Many of us enjoy special traditions with family and friends at Thanksgiving along with feasts and food. If you want to create new memories for this special day, consider asking guests at your table to share in expressions of gratitude. The effort can add extra meaning to your holiday and capture the spirit of the celebration. Plus, they can be a lot of fun!
Start A Journal: Pass around notebook paper and ask each guest to record milestones of their year. No item is too small. The list can include finding a great consignment shop, landing a new job, finishing a thesis, moving to a new city, or reconnecting with old friends. Then collect the papers for a Thanksgiving journal. Each passing year gives you the opportunity to remember highlights: learning to play a musical instrument, scoring tickets to the season’s hottest show, starting a new business. Bringing out the journal to sift through its pages reminds you of the heart of Thanksgiving.
A Bounty of Bread: Are you an avid baker who gets up early on Thanksgiving morning to turn out rolls or muffins? Slip a small piece of paper with a silly fortune into each roll, and then ask guests to read their fortune aloud at the dinner table. The funnier the fortune, the easier it is to break the ice when you have new and unfamiliar guests over.
Build a Tree of Thanks: Cut out tree trunk and branches from brown construction paper and tape your tree to the wall. Trim leaves from yellow, red, and orange paper and pass them out to guests with a request that they write down something for which they are grateful. Tape the leaves to the tree, and you have created a display of gratitude that doubles as graphic art. If you want to preserve the moment, take a picture with your smart phone. If you save each year’s tree, you’ll have great wall art for your Thanksgivings.

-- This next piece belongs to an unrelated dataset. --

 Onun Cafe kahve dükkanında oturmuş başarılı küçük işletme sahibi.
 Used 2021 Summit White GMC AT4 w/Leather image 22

Tablecloth of Gratitude: Select a light-colored tablecloth for your Thanksgiving table. Hand out fabric pens to guests and family members and ask each one to write on the cloth at least one thankful thought.
Provide finger paints or non-toxic tempera to the children, and ask them to make a hand print on the cloth. Bring out the table cloth every year, and you’ve got a record of how little ones have grown.
Read through the memories and notes of gratitude as you dine.